The Future of Digital Banking Customer Engagement

To acquire, convert and retain customers — and turn them into advocates — you need to engage them across channels and over time at every opportunity that creates value for your customers. The objective is to connect with your target audience in an appropriate, effective and meaningful way.

Successful banking customer engagement doesn’t eliminate the need for strong branding — it relies on it. While new technology and marketing communication tools can make the customer engagement process easier and scalable, it is also important to create a brand personality that customers will love getting to know and want to engage with. This brand personality must be evident in each communication.

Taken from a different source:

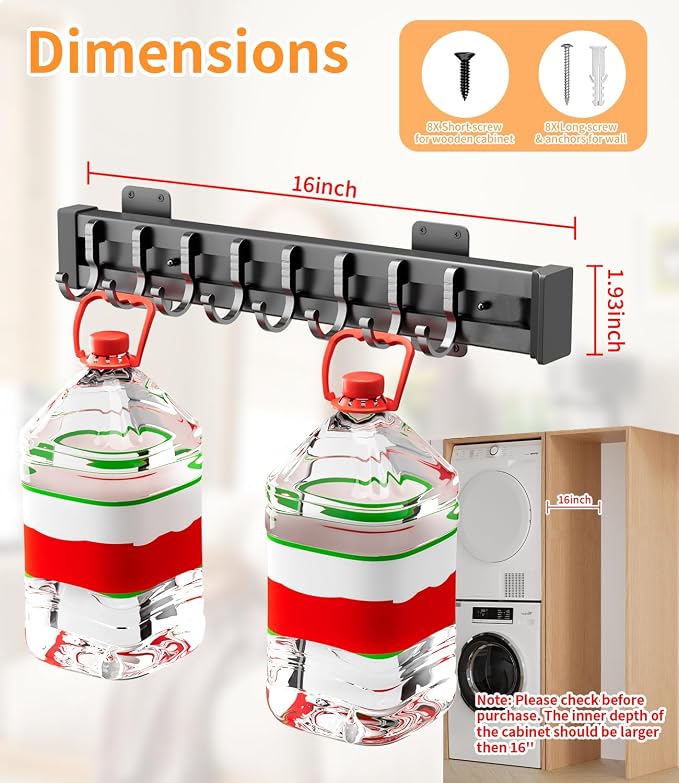 Pull Out Broom Holder With 8 Adjustable Row Sliding Hook - Black 14.17inch - Image 5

Engaging with customers effectively sometimes means sending timely push notifications that require action and provide value. This very powerful communication tactic requires customers to subscribe for these notifications. By opting-in to receive these messages, they are already choosing to engage with your brand.

There are more ways than ever to engage with customers today. This means lots of opportunities for your financial institution to capture your customers’ attention and get them engaged. It also means that your competitors have the same opportunities. Whatever engagement strategies you employ, you must be consistent and ongoing through the brand journey.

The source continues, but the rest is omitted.